Mifid II takes those initial rules and goes even further in order to boost transparency across the EU’s financial markets.

It affects financial services firms – that’s anyone who provides services linked to, or trades in, shares, bonds, unit trusts, investment trusts, collective investment schemes and derivatives – and their clients.

The regulations will affect the way these firms exchange information, charge and how they inform customers of those charges.

It is a piece of EU regulation, but the UK’s regulator – the Financial Conduct Authority – has continued to instruct British financial services firms to prepare to obey the new regulations despite Brexit negotiations.

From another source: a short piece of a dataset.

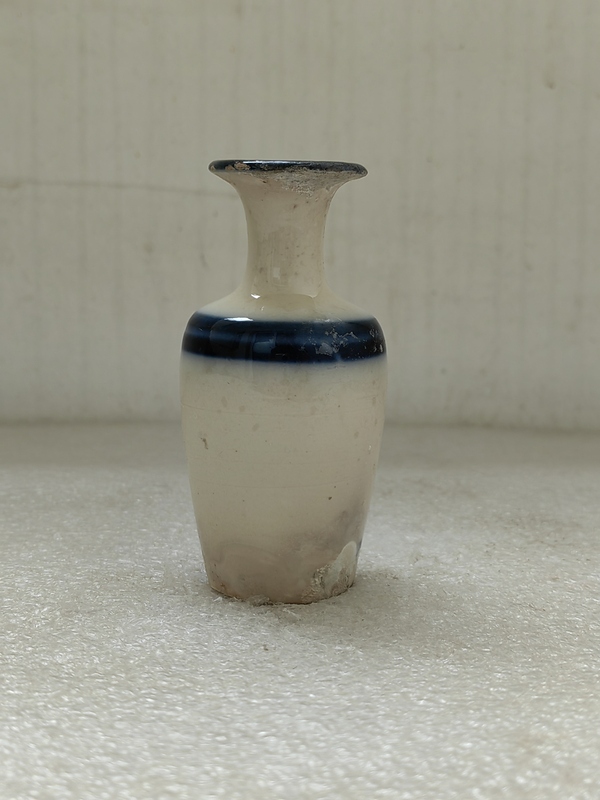 古玩陶瓷青花線條紋撇口瓶拍賣,當前價格198元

What does this mean in plain English?

To put it simply, Mifid II, will make brokers, investment providers, traders and financial advisors:

  1. Have to be a lot more careful about the financial advice they give out – they must assess the suitability of their advice when they give it and then reassess whether it is still suitable at least once a year.
  2. Be very clear about how independent they are and if there are any conflicts of interest aim to prevent them or, if that is impossible, disclose details of the conflict to you, their client.
  3. Be even clearer about their charges. They most provide you with a complete breakdown of their costs and charges as well as costs associated with managing your investments.

View all your investment options with loveMONEY (capital at risk, obviously)

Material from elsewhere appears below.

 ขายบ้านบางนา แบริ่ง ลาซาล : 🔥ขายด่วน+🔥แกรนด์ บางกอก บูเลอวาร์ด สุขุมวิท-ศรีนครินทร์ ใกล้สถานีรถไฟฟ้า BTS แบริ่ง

How much clearer can they be about charges?

Quite a bit clearer, according to a FCA investigation into the fund management industry which attacked complicated fund fees that left many investors unclear on what they were paying.

After Mifid II comes into effect investment firms will have to send clients a complete breakdown of their charges covering management, advisory, custodian, fund entry and exit fees.

This will be expressed as both a percentage and a figure.

On top of that they will also have to present a forecast of your fees for the coming year, as well as what you actually paid the year before.

They must do this at least once a year.

When does it come into effect?

Mifid II must be fully implemented by all affected businesses by 3 January 2018.

What do I need to do?

You can expect to receive a letter in the coming months from your financial advisor or any investment platforms or fund management firms you use.

This is because part of the directive requires them to hold up-to-date info on you, so they’ll be asking you to check the info they have is correct.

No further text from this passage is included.